Pernah nggak sih kamu mengalami malam di mana perasaanmu lagi kacau banget? Itu lah aku tadi sore. Apartemen sepi, cuma suara pemanas nyala. Aku lagi coba edit bab ini, tapi otakku stuck di loop. Bukan loop yang asik. Loop yang muter-muterin kesalahan bodoh di masa lalu, kata-kata pedas yang pernah terlontar. Bikin merasa kecil banget.
Terus dia masuk, lihat mukaku, dan nggak bilang apa-apa. Cuma ambil pulpen merah dari tanganku, taruh, lalu tarik aku ke pangkuannya. Tangannya kasar, emang selalu gitu, tapi cara dia memelukku? Lembut banget. Kayak takut aku bakal pecah.
Kami nggak berhubungan seks. Kami nggak ngobrol banyak juga.

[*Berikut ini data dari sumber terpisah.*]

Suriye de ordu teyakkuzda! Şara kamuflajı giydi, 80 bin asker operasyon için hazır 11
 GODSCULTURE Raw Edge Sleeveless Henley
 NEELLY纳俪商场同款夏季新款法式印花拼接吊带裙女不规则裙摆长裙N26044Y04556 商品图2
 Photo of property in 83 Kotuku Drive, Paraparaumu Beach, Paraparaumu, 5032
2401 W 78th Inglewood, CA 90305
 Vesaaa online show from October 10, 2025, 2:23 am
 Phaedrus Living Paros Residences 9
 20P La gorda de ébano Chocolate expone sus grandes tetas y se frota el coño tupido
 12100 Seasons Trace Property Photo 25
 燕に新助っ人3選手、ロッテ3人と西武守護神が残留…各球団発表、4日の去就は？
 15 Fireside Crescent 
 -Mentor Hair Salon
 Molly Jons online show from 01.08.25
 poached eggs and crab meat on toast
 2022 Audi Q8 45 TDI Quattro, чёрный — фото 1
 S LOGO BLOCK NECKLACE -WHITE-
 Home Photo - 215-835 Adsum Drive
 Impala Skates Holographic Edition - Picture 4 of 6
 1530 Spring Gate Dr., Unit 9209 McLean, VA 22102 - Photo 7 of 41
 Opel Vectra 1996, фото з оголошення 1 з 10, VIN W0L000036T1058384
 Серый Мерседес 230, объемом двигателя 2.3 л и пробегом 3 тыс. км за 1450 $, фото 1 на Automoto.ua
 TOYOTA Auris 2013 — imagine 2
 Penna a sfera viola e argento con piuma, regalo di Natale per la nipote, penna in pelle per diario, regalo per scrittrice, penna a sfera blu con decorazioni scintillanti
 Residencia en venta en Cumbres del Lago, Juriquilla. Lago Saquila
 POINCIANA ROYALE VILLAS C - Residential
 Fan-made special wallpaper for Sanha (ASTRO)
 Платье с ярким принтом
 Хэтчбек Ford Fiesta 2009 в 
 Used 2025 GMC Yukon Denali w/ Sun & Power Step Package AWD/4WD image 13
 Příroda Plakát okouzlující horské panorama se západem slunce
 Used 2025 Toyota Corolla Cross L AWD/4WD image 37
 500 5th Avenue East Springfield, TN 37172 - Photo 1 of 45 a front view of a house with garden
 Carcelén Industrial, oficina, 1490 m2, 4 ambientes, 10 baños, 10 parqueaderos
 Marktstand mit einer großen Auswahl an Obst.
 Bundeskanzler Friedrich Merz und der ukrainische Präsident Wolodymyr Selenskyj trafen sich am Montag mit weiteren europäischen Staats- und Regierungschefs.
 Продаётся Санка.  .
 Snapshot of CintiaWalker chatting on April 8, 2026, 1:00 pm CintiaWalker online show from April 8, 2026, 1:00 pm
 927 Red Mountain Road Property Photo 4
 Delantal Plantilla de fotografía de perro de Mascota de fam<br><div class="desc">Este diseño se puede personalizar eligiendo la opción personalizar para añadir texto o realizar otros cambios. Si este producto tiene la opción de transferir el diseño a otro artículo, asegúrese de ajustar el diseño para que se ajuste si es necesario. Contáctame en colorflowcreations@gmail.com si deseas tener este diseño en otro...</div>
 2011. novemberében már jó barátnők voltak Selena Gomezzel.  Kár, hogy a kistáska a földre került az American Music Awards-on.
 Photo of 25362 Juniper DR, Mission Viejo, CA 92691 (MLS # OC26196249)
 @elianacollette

Dia cuma sandarkan dagunya di atas kepalaku, satu tangan masuk ke baju dalamku, telapak tangan menempel di punggungku. Aku bisa ngerasain detak jantungnya dari dadanya. Stabil. Kokoh. Dia biarin aku nangis sebentar, air mata panas dan bodoh di lehernya, dan cuma berbisik, 'Aku ada di sini. Aku di sini.'
Aneh banget. Selama tujuh tahun, aku kira cinta itu soal pengorbanan. Soal menelan ludah sendiri biar orang lain bisa makan. Tapi ini? Ini bukan pengorbanan. Ini cuma... dipeluk. Oleh lelaki yang selalu jadi tempatku bersandar. Dia adalah jangkar yang nggak pernah kusadari sedang kutinggalkan. Dan malam ini, aku nggak akan nulis soal cinta. Aku cuma mau menghirupnya. (Beneran: Ini jauh lebih asik daripada whiskey.)